#### [REQUIREMENT]
Task for the records below: repeat the line containing "Fashion - Fabi Pant - Camel Pants" and every line after it, exactly and with nothing else, but leave out the pictures.

──────

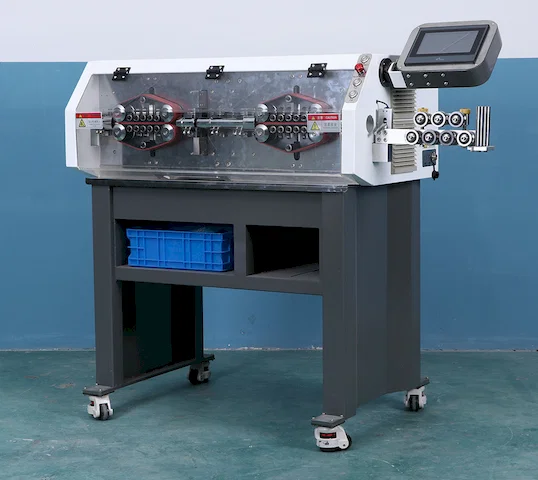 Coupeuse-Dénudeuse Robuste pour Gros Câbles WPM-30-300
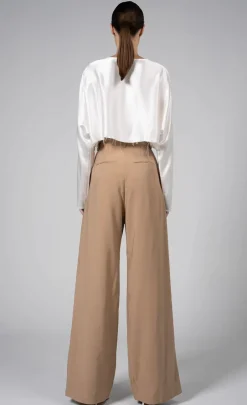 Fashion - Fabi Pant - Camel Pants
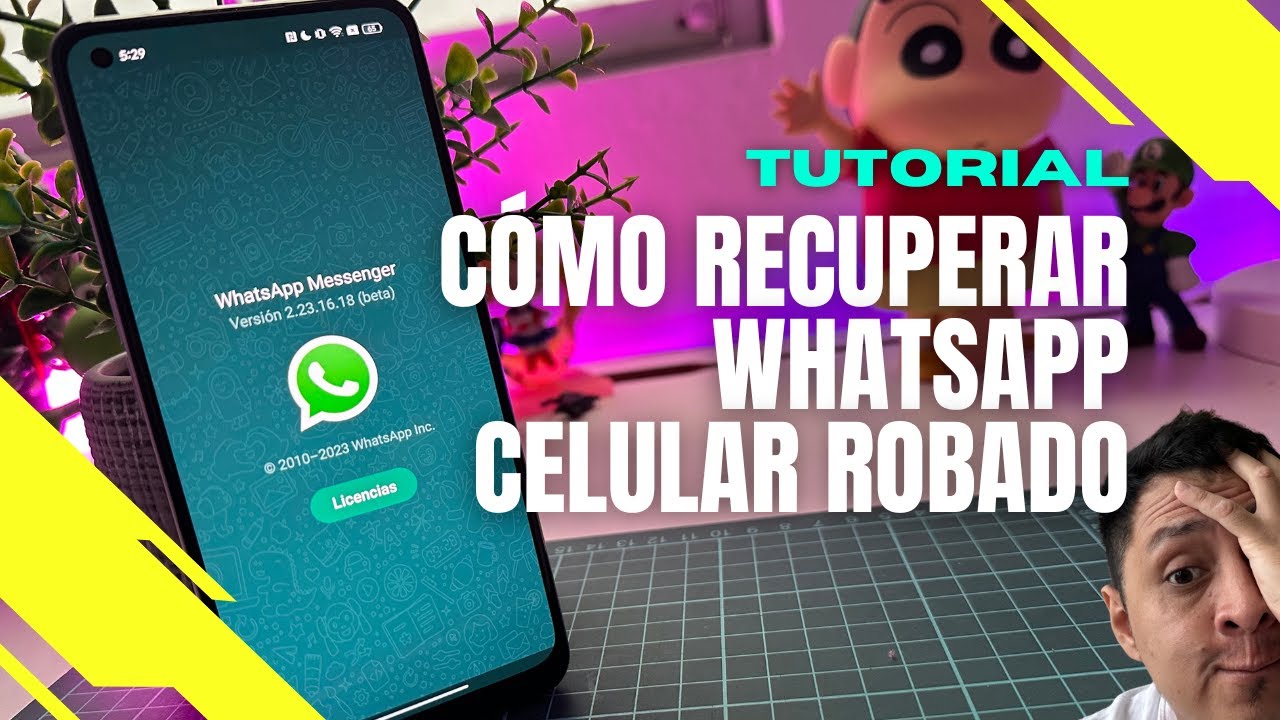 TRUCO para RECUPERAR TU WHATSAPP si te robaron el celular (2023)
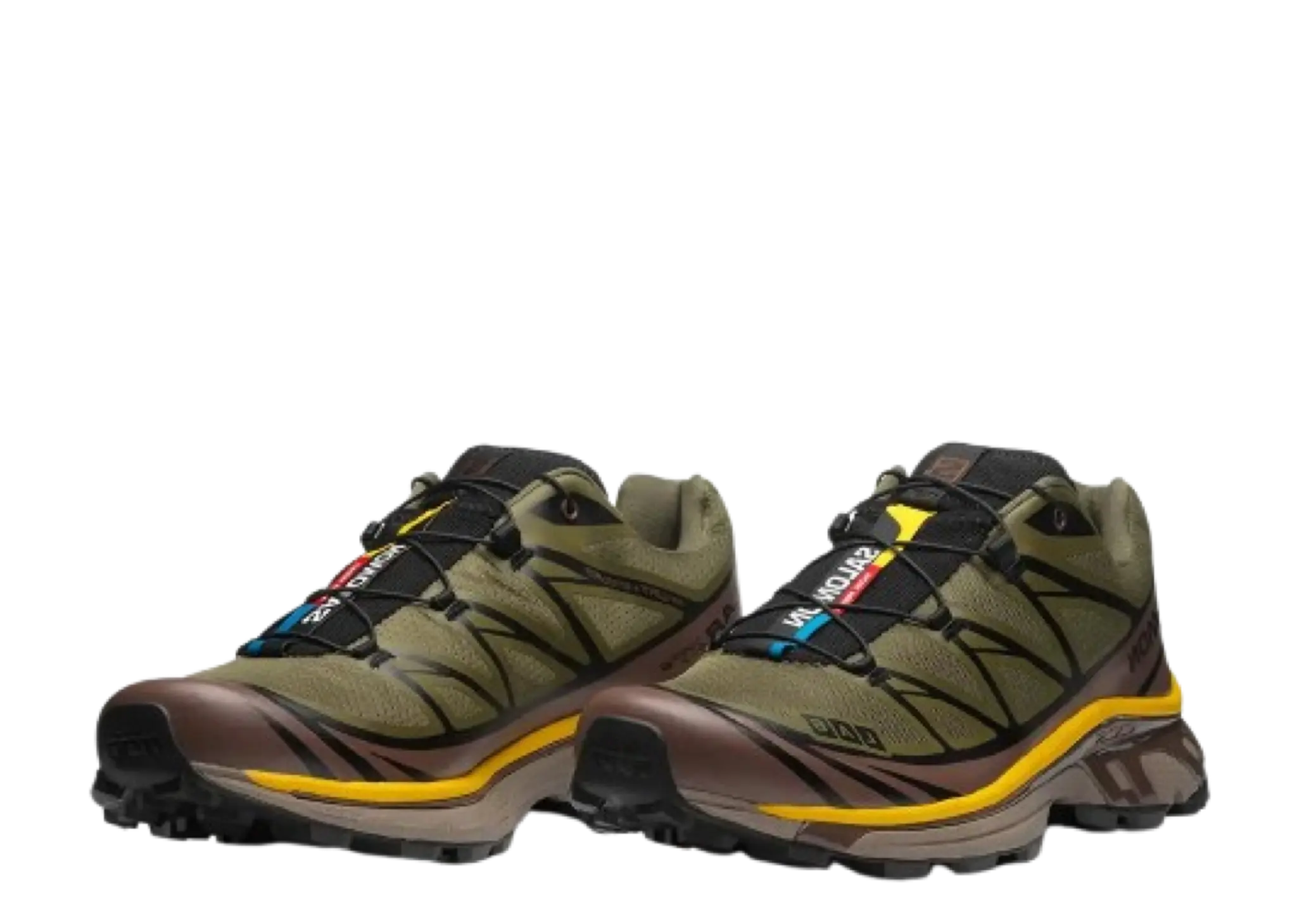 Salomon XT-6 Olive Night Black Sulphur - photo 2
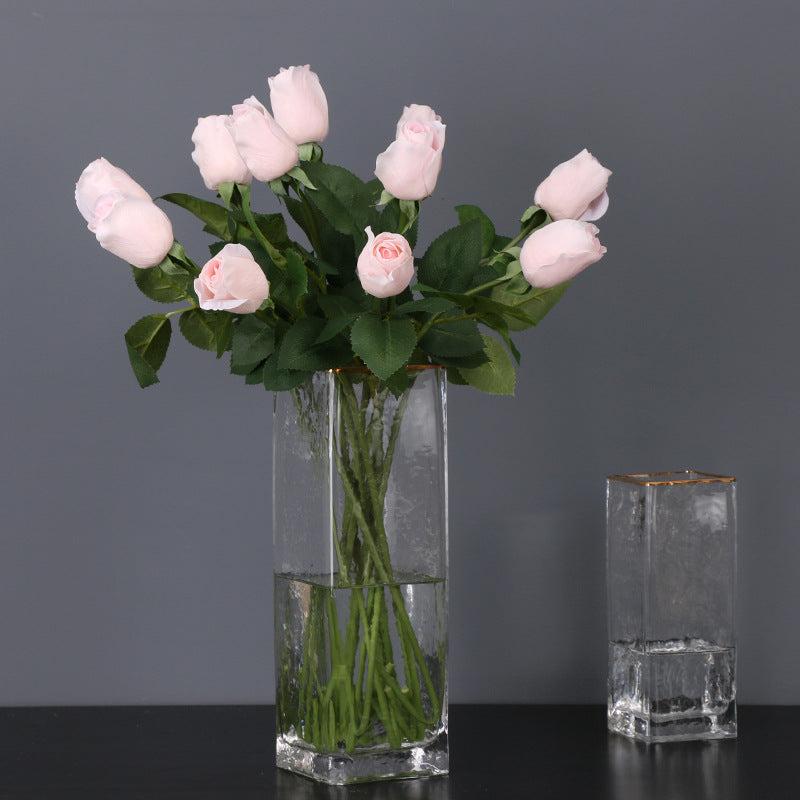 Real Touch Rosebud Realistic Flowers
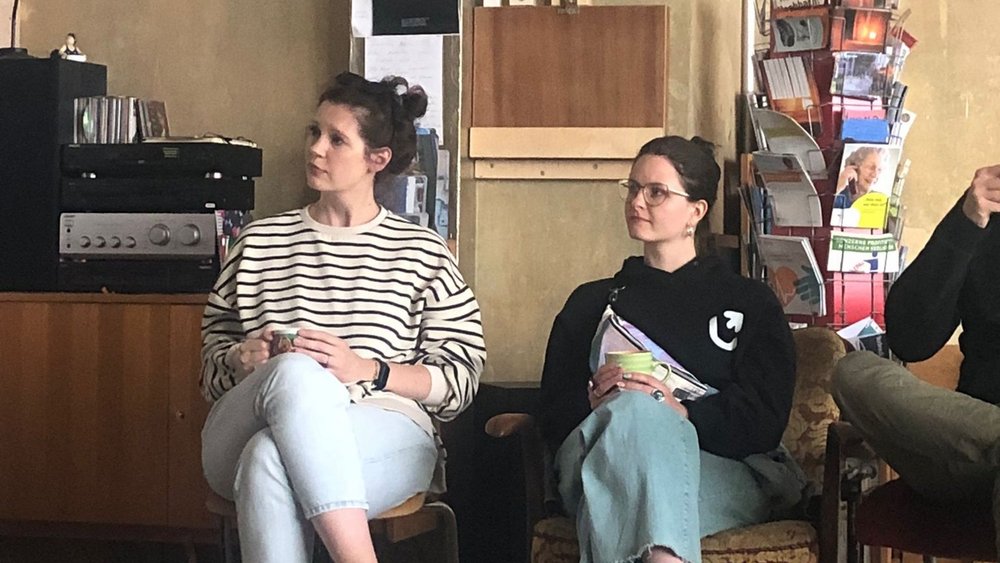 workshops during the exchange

──────

#### [SOLUTION FOR THIS EXERCISE]
 Fashion - Fabi Pant - Camel Pants
 TRUCO para RECUPERAR TU WHATSAPP si te robaron el celular (2023)
 Salomon XT-6 Olive Night Black Sulphur - photo 2
 Real Touch Rosebud Realistic Flowers
 workshops during the exchange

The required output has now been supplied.